O atual embate a que o Brasil assiste lembra os estertores da República Romana, com o sangrento confronto entre Mário e Sila. Modesto Carvalhosa para o Estadão:
As
eleições de outubro deste ano voltam a ter dois candidatos populistas,
como ocorreu no segundo turno em 1989, entre Fernando Collor de Mello e
Lula.
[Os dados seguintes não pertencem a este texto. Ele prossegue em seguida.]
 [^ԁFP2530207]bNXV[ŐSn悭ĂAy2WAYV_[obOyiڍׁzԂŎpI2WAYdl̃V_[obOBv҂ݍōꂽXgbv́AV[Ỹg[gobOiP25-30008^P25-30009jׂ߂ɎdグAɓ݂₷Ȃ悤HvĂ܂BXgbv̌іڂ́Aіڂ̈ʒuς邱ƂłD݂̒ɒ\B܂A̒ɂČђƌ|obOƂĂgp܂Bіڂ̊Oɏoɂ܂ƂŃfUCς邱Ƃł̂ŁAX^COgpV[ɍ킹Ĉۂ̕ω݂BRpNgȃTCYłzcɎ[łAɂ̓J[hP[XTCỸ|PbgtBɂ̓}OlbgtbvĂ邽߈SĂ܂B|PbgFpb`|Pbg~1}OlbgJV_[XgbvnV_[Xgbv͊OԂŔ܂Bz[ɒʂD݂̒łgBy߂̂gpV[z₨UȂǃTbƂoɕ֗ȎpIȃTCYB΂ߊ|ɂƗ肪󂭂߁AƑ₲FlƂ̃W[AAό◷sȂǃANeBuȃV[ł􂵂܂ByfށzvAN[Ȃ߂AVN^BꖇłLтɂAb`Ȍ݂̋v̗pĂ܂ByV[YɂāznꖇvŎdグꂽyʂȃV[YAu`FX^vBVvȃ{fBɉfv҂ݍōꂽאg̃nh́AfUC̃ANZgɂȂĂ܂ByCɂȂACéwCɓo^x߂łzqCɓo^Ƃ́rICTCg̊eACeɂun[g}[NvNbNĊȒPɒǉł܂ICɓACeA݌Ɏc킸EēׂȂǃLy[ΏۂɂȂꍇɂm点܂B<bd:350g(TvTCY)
Só que, desta vez, o radicalismo das legiões de fanáticos que
seguem os dois notórios postulantes vai levar a campanha a níveis de
baixeza nunca dantes experimentados.
Desde
1930, com a queda da Primeira República, houve sempre um líder
populista que se apresentou como defensor do povo “contra os seus
exploradores”. E estes “condutores do povo” sempre derrotaram os
candidatos democráticos, civilizados, representados, primeiramente, pela
antiga União Democrática Nacional (UDN), e que formulavam propostas
coerentes para as grandes questões nacionais. Quem venceu o primeiro
embate eleitoral entre essas duas forças foi o maior e mais longevo
líder populista de nossa história, o ex-ditador Getúlio Vargas, à frente
dos chamados queremistas; depois, por intermédio do seu preposto Eurico
Gaspar Dutra, em 1946; e, novamente, por ele próprio, em 1951.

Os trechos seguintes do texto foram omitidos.